* **Work task**: Begin your copy at the line with "Multi-story residences featuring" in the records below and end it at the line with "A living room", restating each line word for word; omit the pictures.

* **Material for this task**:
====

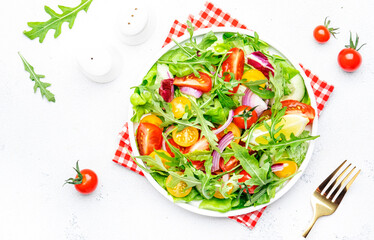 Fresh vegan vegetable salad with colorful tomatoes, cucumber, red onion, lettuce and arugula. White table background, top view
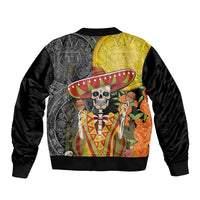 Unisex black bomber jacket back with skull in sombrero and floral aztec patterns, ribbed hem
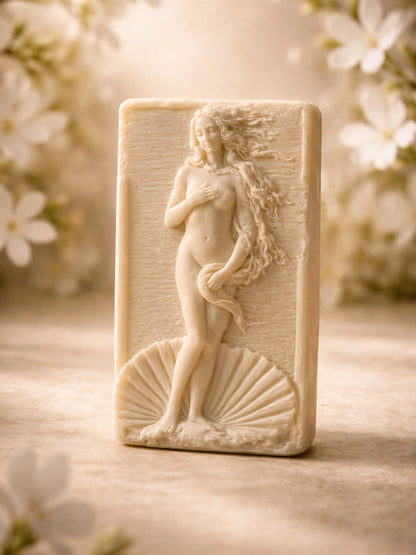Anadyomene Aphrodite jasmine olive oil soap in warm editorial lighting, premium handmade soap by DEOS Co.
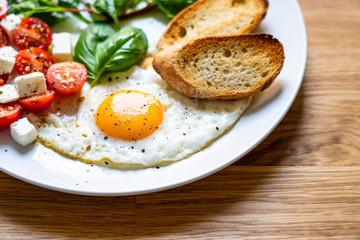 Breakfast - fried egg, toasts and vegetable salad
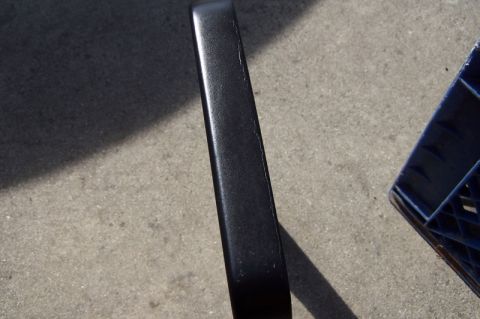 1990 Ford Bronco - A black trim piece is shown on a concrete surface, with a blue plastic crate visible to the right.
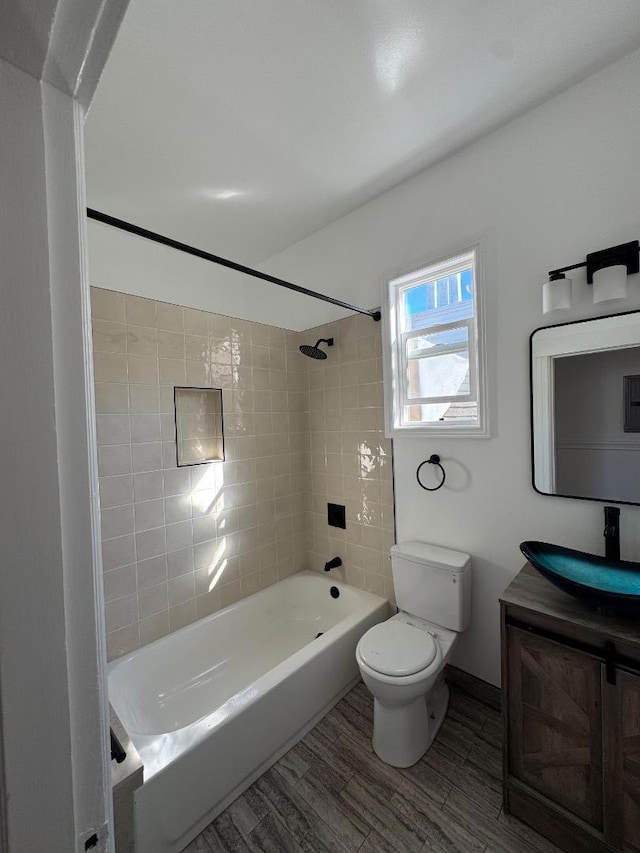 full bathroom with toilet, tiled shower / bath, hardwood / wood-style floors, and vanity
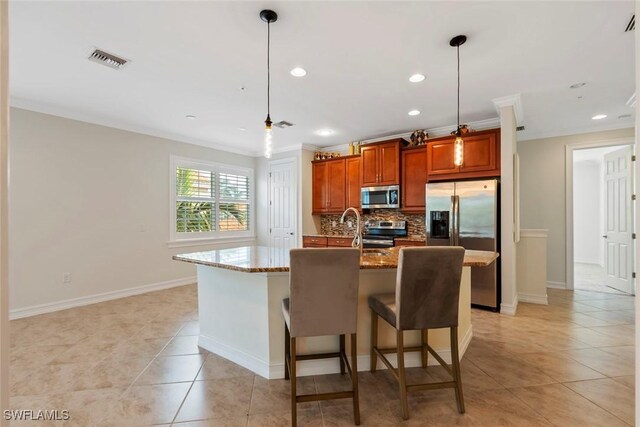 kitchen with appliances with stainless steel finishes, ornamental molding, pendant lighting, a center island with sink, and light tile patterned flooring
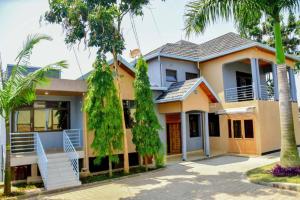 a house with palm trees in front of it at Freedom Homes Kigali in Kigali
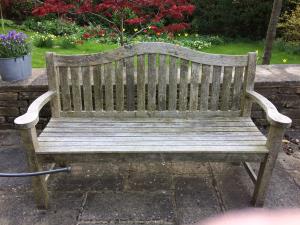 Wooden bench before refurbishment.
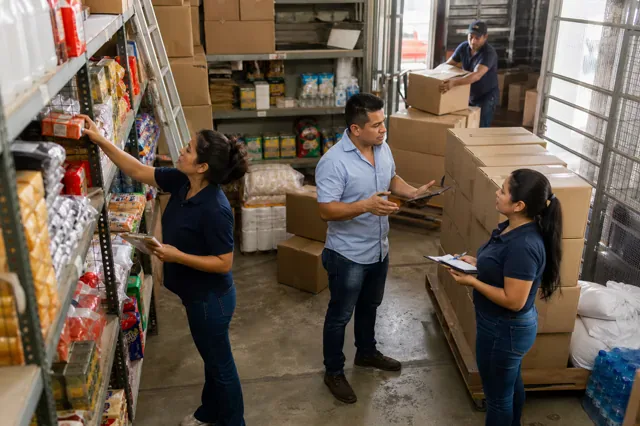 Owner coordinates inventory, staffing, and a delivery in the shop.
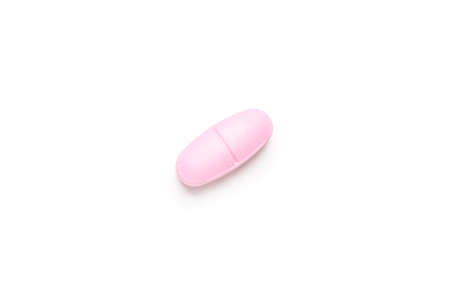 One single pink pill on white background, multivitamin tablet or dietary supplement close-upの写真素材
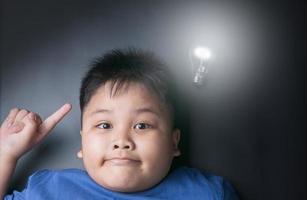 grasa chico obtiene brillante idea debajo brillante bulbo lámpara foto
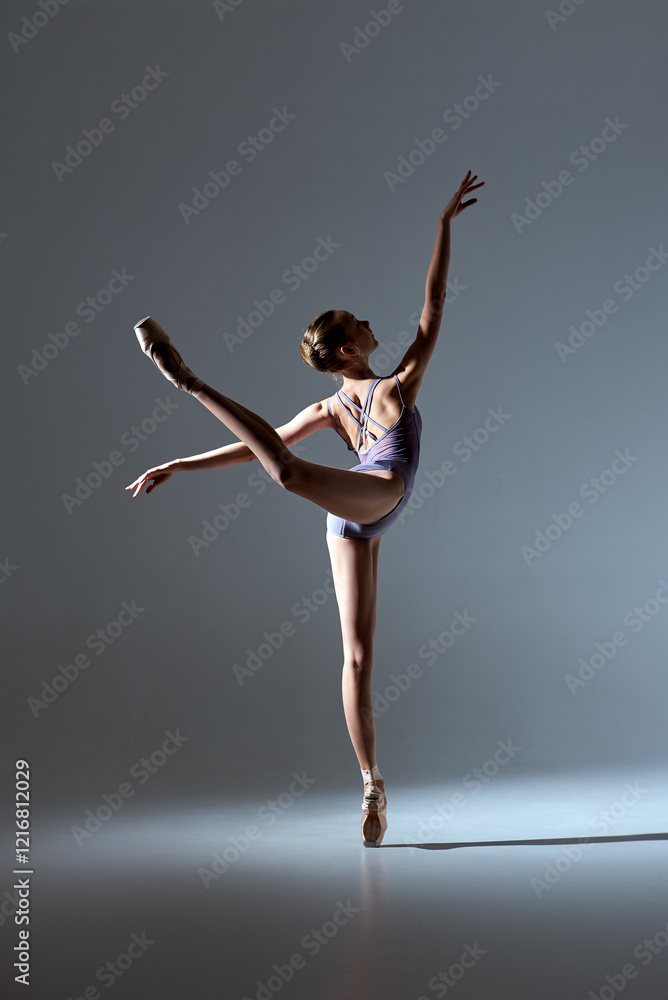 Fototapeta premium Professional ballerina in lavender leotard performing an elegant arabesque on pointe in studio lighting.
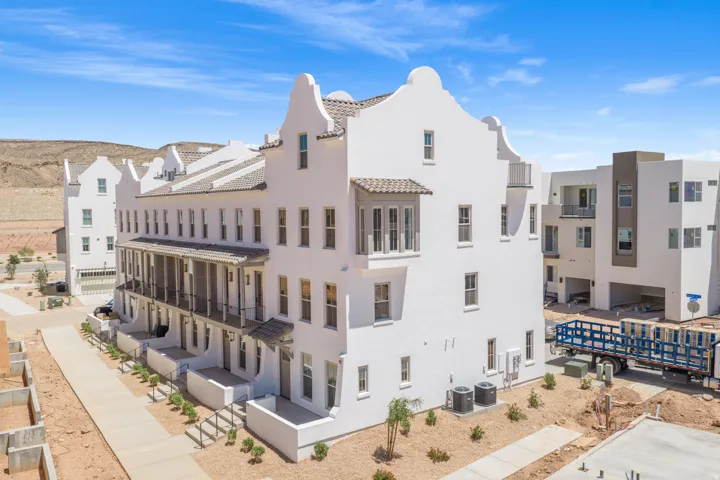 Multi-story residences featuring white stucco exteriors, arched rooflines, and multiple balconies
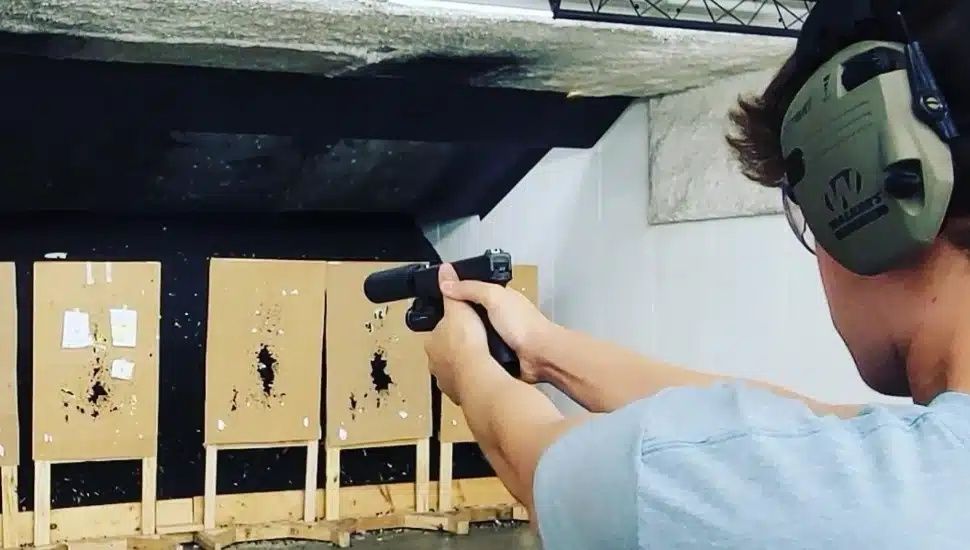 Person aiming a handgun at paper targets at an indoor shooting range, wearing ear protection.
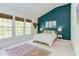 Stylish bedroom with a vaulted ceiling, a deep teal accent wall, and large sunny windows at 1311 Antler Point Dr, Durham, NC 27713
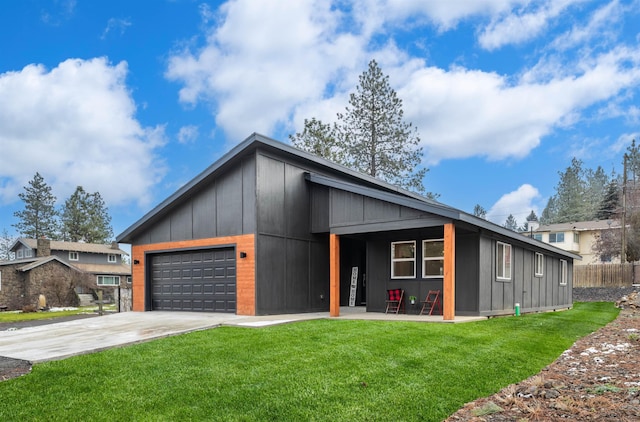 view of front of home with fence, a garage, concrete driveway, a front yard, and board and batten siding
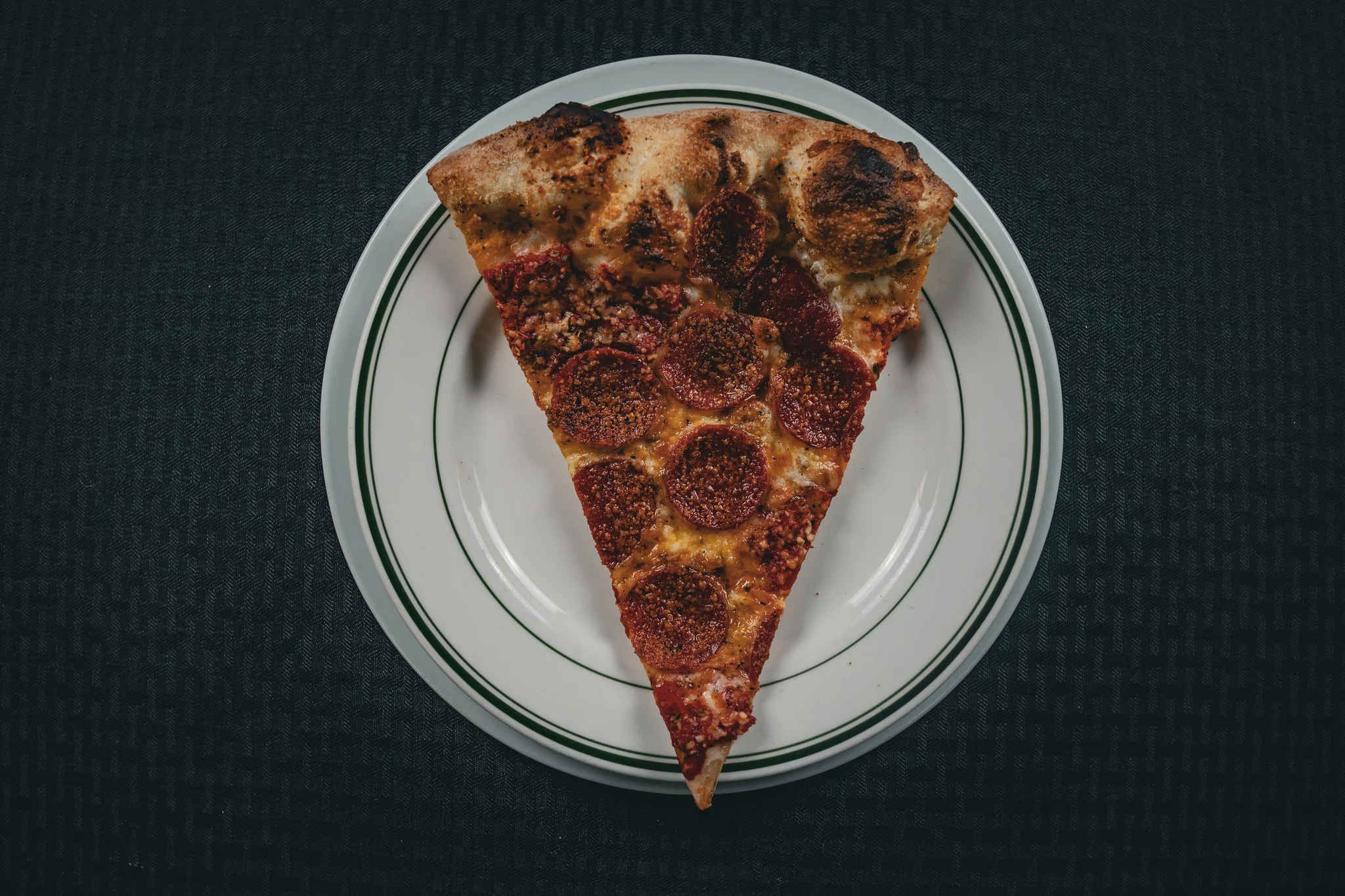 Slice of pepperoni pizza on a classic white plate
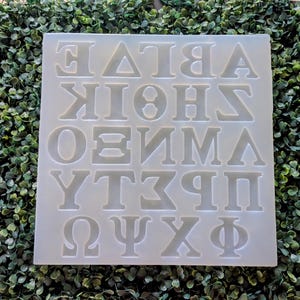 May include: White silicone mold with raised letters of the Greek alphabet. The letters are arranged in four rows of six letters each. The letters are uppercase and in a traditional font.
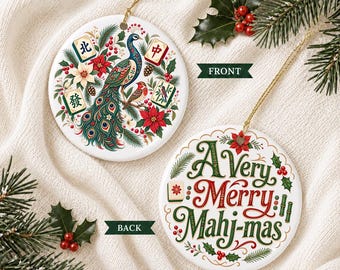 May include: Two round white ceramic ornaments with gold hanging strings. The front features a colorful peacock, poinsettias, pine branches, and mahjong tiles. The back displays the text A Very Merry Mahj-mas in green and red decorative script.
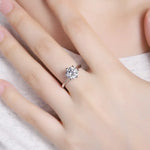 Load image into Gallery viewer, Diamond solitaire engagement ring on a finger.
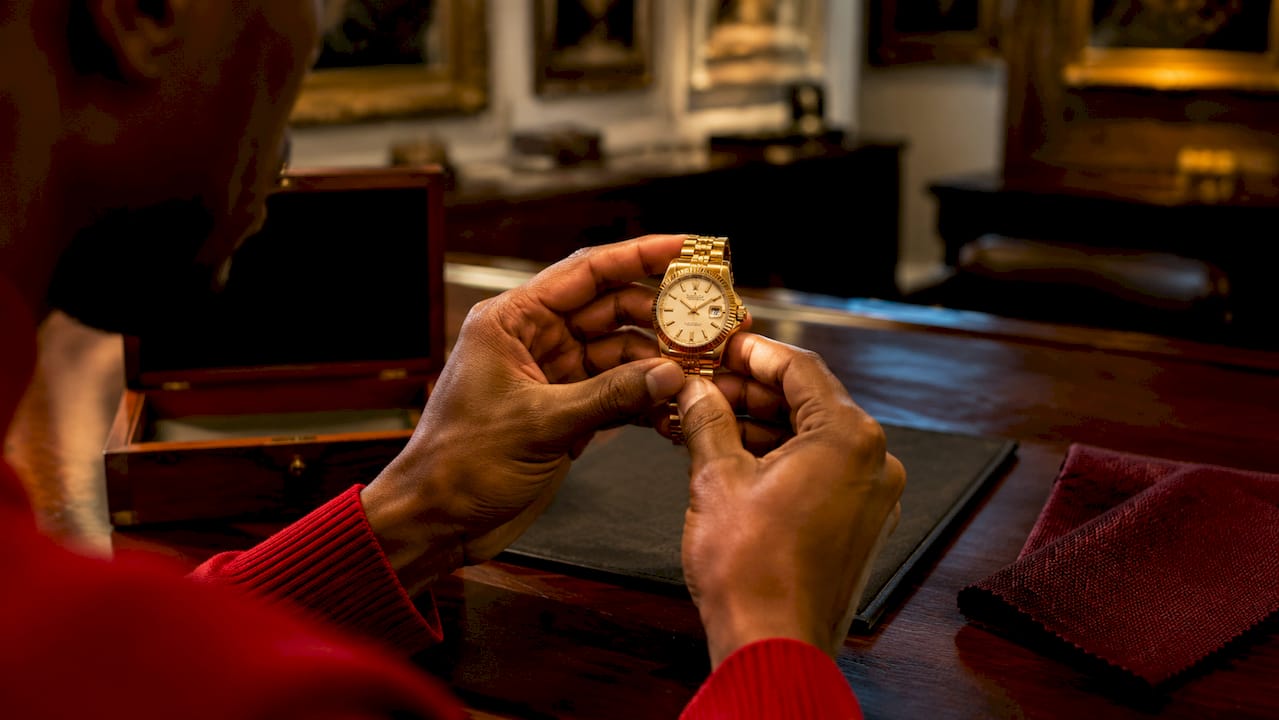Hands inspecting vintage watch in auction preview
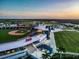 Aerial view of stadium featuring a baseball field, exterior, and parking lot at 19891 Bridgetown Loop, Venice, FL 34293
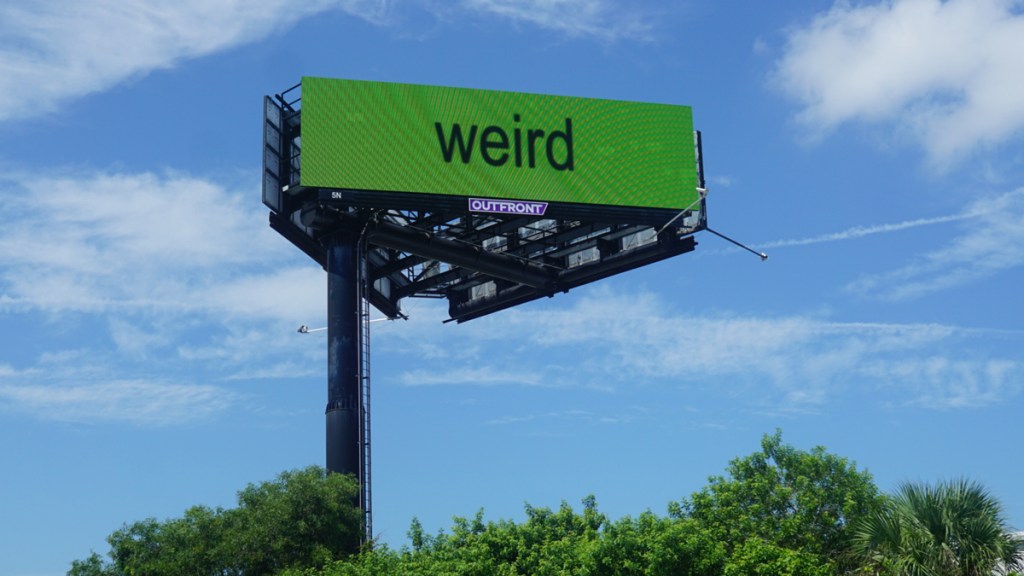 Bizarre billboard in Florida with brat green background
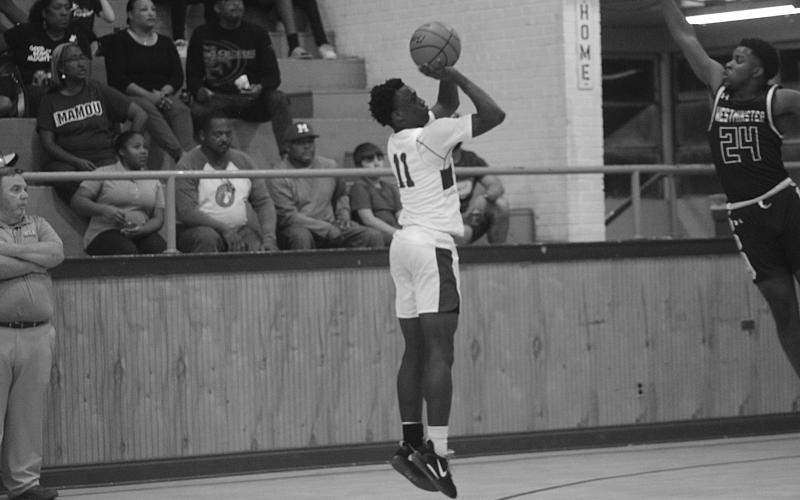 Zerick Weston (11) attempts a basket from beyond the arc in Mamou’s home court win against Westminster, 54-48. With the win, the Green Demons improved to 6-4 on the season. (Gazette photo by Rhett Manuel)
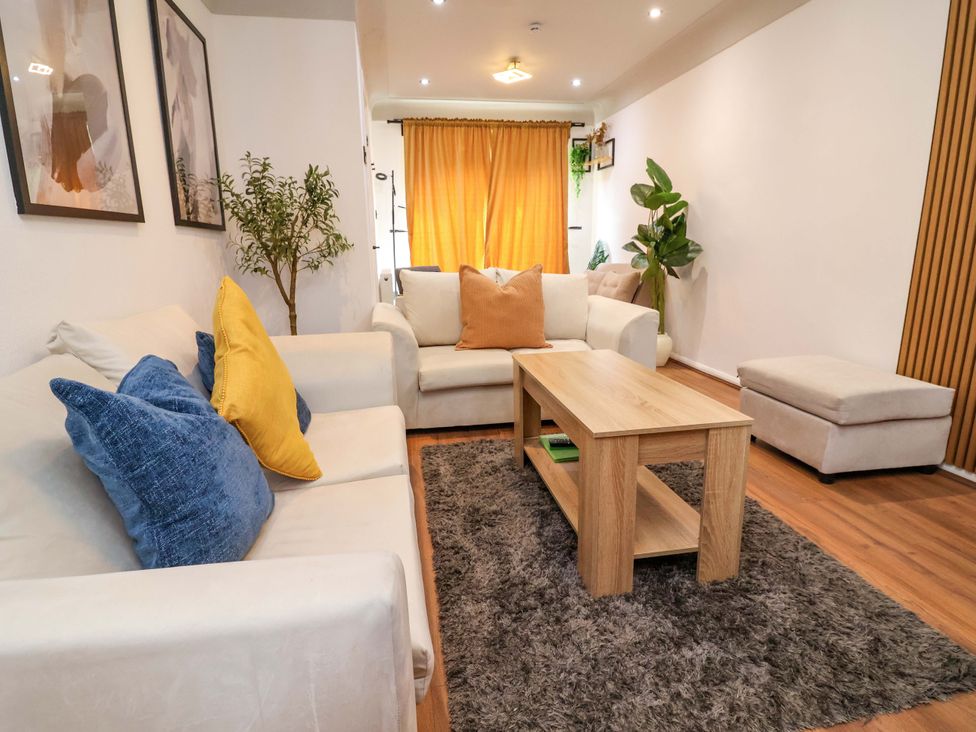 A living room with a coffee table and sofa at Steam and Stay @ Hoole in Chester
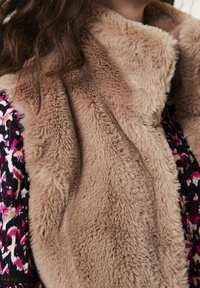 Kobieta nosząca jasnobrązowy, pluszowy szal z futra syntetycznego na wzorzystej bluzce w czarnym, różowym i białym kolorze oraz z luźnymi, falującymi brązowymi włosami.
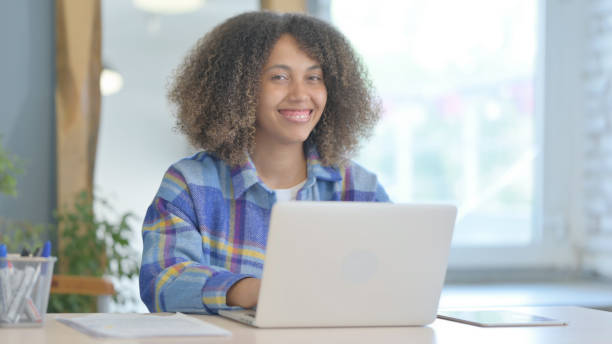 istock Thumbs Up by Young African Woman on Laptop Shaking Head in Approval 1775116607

====

* **Exercise solution**:
 Multi-story residences featuring white stucco exteriors, arched rooflines, and multiple balconies
 Person aiming a handgun at paper targets at an indoor shooting range, wearing ear protection.
 Stylish bedroom with a vaulted ceiling, a deep teal accent wall, and large sunny windows at 1311 Antler Point Dr, Durham, NC 27713
 view of front of home with fence, a garage, concrete driveway, a front yard, and board and batten siding
 Slice of pepperoni pizza on a classic white plate
 May include: White silicone mold with raised letters of the Greek alphabet. The letters are arranged in four rows of six letters each. The letters are uppercase and in a traditional font.
 May include: Two round white ceramic ornaments with gold hanging strings. The front features a colorful peacock, poinsettias, pine branches, and mahjong tiles. The back displays the text A Very Merry Mahj-mas in green and red decorative script.
 Load image into Gallery viewer, Diamond solitaire engagement ring on a finger.
Hands inspecting vintage watch in auction preview
 Aerial view of stadium featuring a baseball field, exterior, and parking lot at 19891 Bridgetown Loop, Venice, FL 34293
 Bizarre billboard in Florida with brat green background
 Zerick Weston (11) attempts a basket from beyond the arc in Mamou’s home court win against Westminster, 54-48. With the win, the Green Demons improved to 6-4 on the season. (Gazette photo by Rhett Manuel)
 A living room with a coffee table and sofa at Steam and Stay @ Hoole in Chester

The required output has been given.